Ben, Kormacit bölgesinde dolaştım av günü, manzarayı daha iyi görebilmek için…
“Hedef tahtasına” dönen trafik tabelaları gördüm.
Ürkek ürkek dolaşan terk edilmiş köpekler gördüm.
Ava kapalı bölgelere can havliyle akın eden keklikleri izledim.
Ava kapalı alanlara girmeye teşebbüs eden ve şahsen benim uyarımla oradan uzaklaşan avcıları gördüm.
Ama ne hikmetse HİÇ POLİS ve AV KORUCUSU görmedim.
Büyük av diye diye içlerindeki yok edicileri gün yüzüne çıkaran vahşilerin, canlılar üzerindeki bu büyük şölenine “av” dediklerini gördüm yine bu sene…
Ve yine lanet okudum böyle insanlarla aynı havayı solumak zorunda bırakıldığım için.
Köpeğine ateş eden, her havalanan canlının bedenine şaşmalar dizen, devletin trafik tabelalarında 'hedef' denemesi yapan insanlarla aynı yurdu paylaştığıma lanet okudum.
“Büyük av” yine büyük nefretler doğurdu yüreğime…
Hiç dinmeyecek, hiç küçülmeyecek büyük nefretler…
Ve dedim ki kendi kendime “Son nefesine kadar bu rezil düzenle savaşmazsan eğer, sen de insan değilsin, insan değilsin… ”
----------------------------------------------
Facebook’ta bir uyarı mesajı: “Resmiye Canaltay seni (beni) Dr.
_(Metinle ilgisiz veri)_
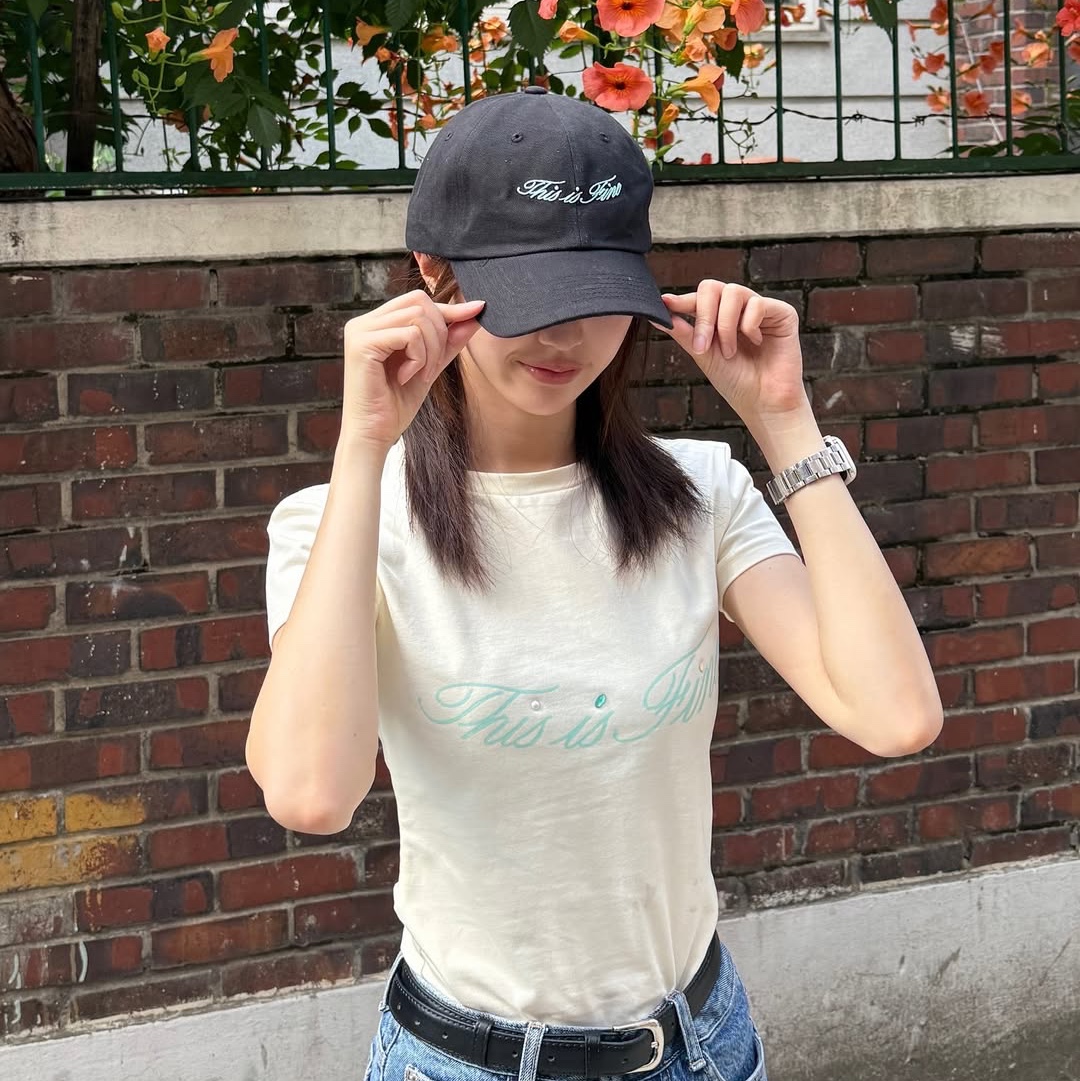 THIS IS FINE Cropped Signature Tee Cream, THIS IS FINE Signature Ball Cap Black 착용 스타일 - 6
Derviş Eroğlu’nu beğenmeye davet etti” Burdan cevap vereyim: Ben almayayım Resmiye Hanım, pek beğenmiyorum babanızı. Tanrı uzun ömür versin ama, o makamla alakası yok, Derviş Bey’i de yarattığı rejimi de beğenmiyorum.
***
Avcılar kusuruma bakmasın ama parçalanmış tavşan ve keklikleri görünce 'bunun neresi spor' diye söylemekten kendimi alamadım. Hele o vurulan köpekler var ya tam bir facia. Allahlarından bulsunlar. Gününüz aydın haftanız bereketli olsun...
LEVENT ÖZADAM
***
Özel ilkokullarda Kıbrıslı öğretmenlerden İngilizceyi anadili gibi öğrenen öğrenciler neden devlet ilkokullarında İngilizceyi anadili gibi öğrenemiyor? Bilimsel açıklaması nedir gerçekten merak ettim.